MBH Phosphonates and hydrazonophosphonates families

MBH phosphonates were synthesized by reacting MBH acetates with triethylphosphite in the presence of DMAP. The hydrazonophosphonates were synthesized by reacting MBH phosphonates with hydrazines. Although all of these adducts were tested, they failed to inhibit fungal growth.

Conclusion

MBH adducts are of great interest in different applications, as shown previously, thanks to their antioxidant activity (Sun et al. 2019). They can be used as additives to prevent lipid oxidation or as anti-melanogenesis(Ketata et al. 2019) as well as for their antifungal activities. We adopted the agar diffusion method to evaluate the antifungal activity of several MBH adducts (Magaldi et al. 2004). The present research work has shown that MBH adducts (alcohols (1), acetates (2)) are endowed with interesting antifungal activity against the most known fungal phytopathogens and/or toxin producers, namely the genera Aspergillus, Alternaria, Fusarium, Penicillium, Trichoderma.
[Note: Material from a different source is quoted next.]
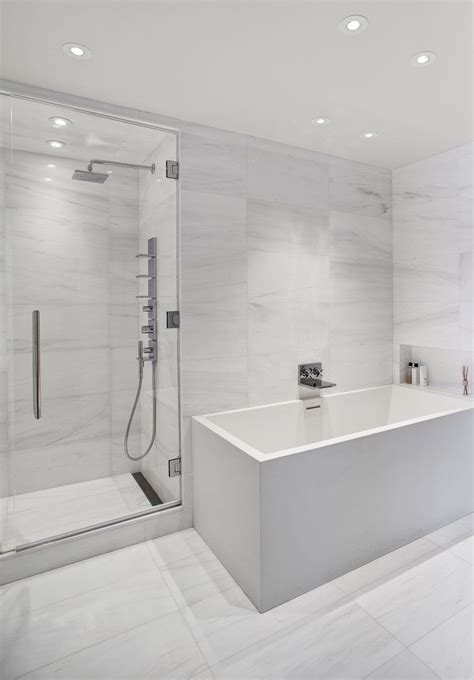 Modern White Marble Bathroom Designs – BESTHOMISH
This allows us to conclude that these compounds can be potential candidates as effective antifungals in the fields of agriculture, agro-foods and pharmaceutical industry (Saremi et al. 2018; Han et al. 2019; Srivastava et al. 2019). The MHB products were then classified according to the effectiveness of their antifungal activity evaluated by the diameter of the fungal growth inhibition zone.

This study has also discovered that the 2 g five-membered carbon acetate has the most effective growth inhibitor activity against all tested fungi, compared to six-carbon acetate. Besides, it has demonstrated that the antifungal activity is often inversely proportional not only to the length of the radical but also to its complexity.